LIVING

Winnie The Pooh Banned At Poland Playground Because He's 'Half Naked'

11/21/2014 04:58 EST | Updated 11/21/2014 10:59 EST

Lawmakers in a small Polish town have banned Winnie the Pooh as the mascot of a playground and decried its author for coming up with such a "disturbing" character.

Councillors in the town of Tuszyn, just over 20 kilometres from Lodz, recently voted against making the famous bear the face of a playground because he doesn't wear pants, The Croatian Times reported Wednesday.

At the meeting, which was recorded in secret, Coun. Ryszard Cichy said the bear is "half naked which is wholly inappropriate for children."

Another councillor, Hanna Jachimska, said of Winnie the Pooh's author A.A. Milne: "This is very disturbing but can you imagine! The author was over 60 and cut his [Pooh's] testicles off with a razor blade because he had a problem with his identity."

Winnie's banishment from the Tuszyn playground prompted a response from Brian Bowman, the mayor of Winnipeg, the city after whom the bear that inspired the character was named, CBC News reported.

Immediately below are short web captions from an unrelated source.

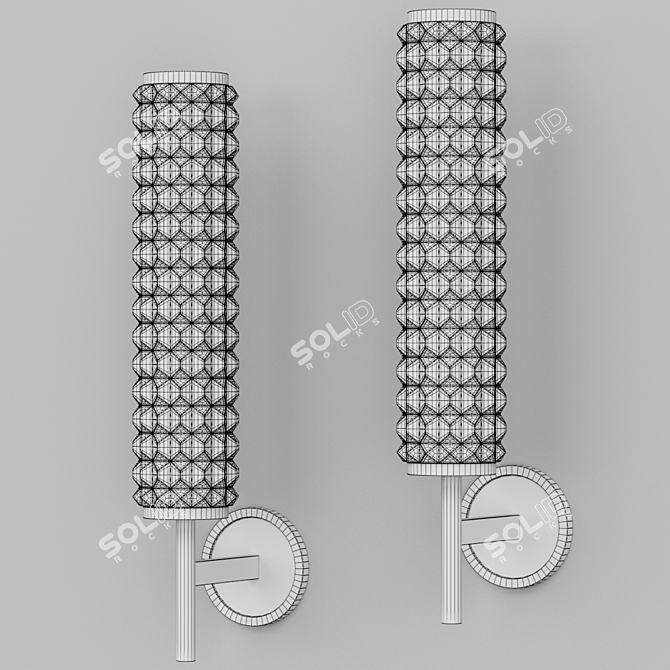 BINA Glass Cylinder Wall Lamp 3D model image 2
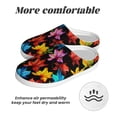 thumbnail image 6 of Daiia Rainbow Colorful Maple Leaves Print Women’s Fuzzy Slippers Memory Foam Lightweight House Shoes Cozy Loafer Flannel House Shoes-46/47, 6 of 7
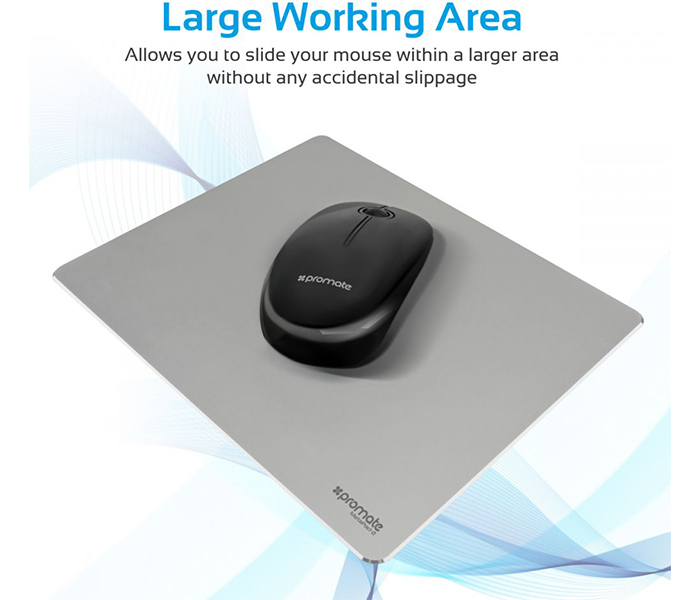 Promate METAPAD-2 Robust Anodized Aluminum Gaming Mouse Pad - Silver - Zoom Image 4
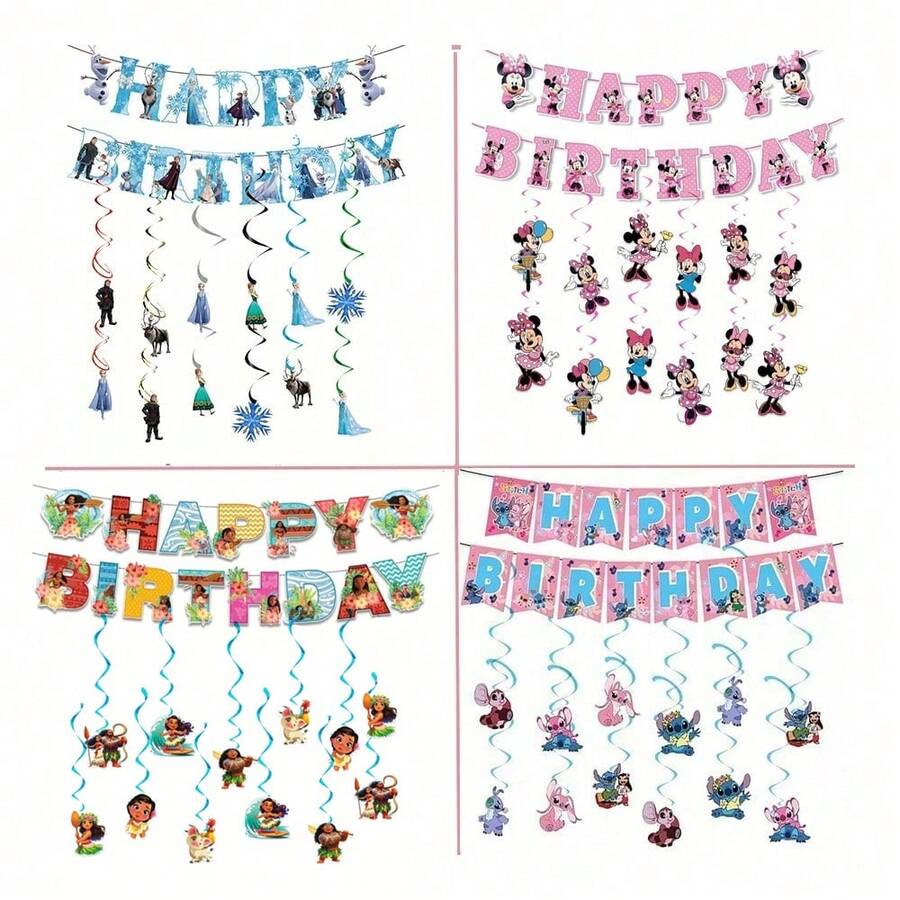 Disney Pancarta decorativa de Stitch adorable, decoración de ambiente para fiestas, decoración de fondo para fotos, decoración de pared de habitación y aula, regalo sorpresa para amigos, decoración de fiesta con tema de Frozen - Como se muestra en la figura - Ver 1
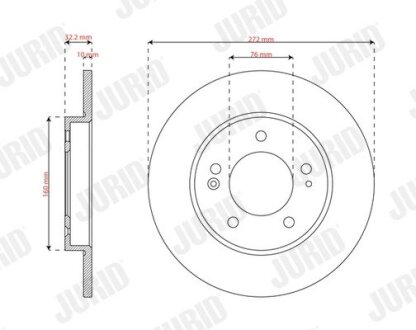 JURID HYUNDAI диск гальмівний i30, KIA CEED 18- 563614JC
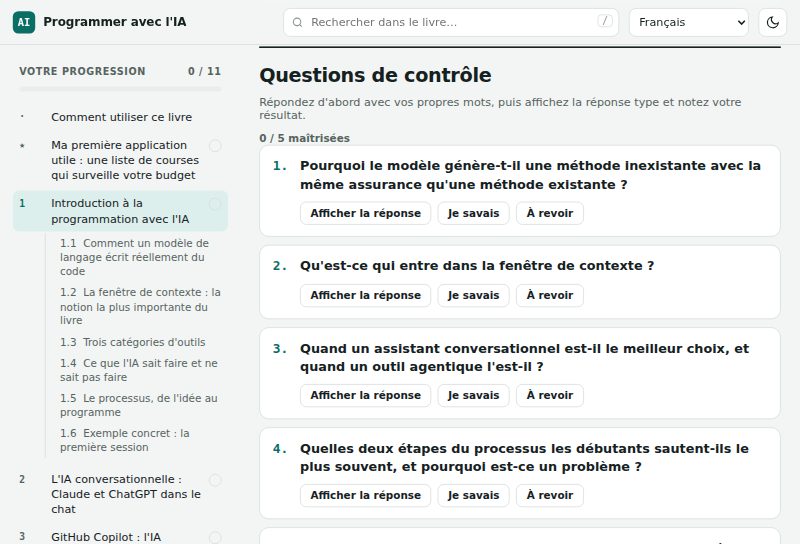 Questions de contrôle avec boutons « Afficher la réponse »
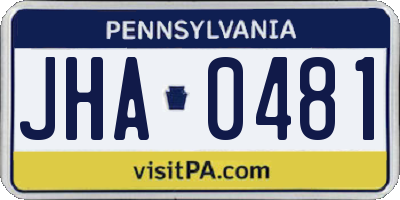 PA license plate JHA0481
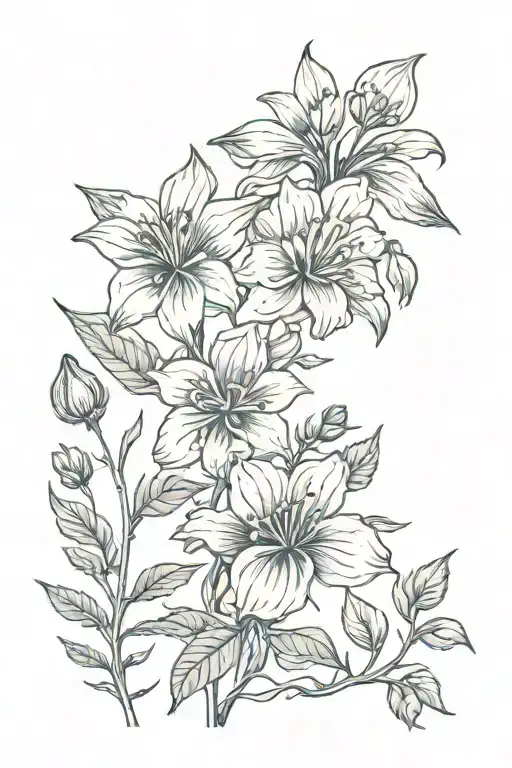 Flowers And Branches Of Plants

"Clearly, Winnie is a cartoon bear who doesn't wear pants, but I'd like to note that the beloved Disney characters Donald Duck and Chip and Dale (the Rescue Rangers) are also pant-less, Mickey Mouse doesn't wear a shirt, and Tony the Tiger is nearly nude," he said in a prepared statement.

"Winnipeg is a tolerant and accepting community, and I hope that Winnie continues to teach children about kindness and friendship for years to come."

The story of Winnie the Pooh begins during WWI, when a Canadian soldier and veterinarian from Winnipeg named Harry Colebourn bought a bear for $20 from a hunter in White River, Ont.

He named the bear "Winnie" after Winnipeg.

Eventually, he learned he was heading to the front and left "Winnie" at the London Zoo, where author Milne saw the bear with his son Christopher Robin. Milne later published a series of books about the bear, starting with "Winnie the Pooh" in 1926, in which he appears totally naked.

The creation of Winnie the Pooh was immortalized in the Heritage Minute posted above this story.

It was only when Disney began making films about Winnie that he wore a red shirt.

But this is not the first time that authorities have banned him.

In 2009, Winnie was placed on a list of "extremist material" in Russia after he appeared somewhere with a swastika, Newsweek reported.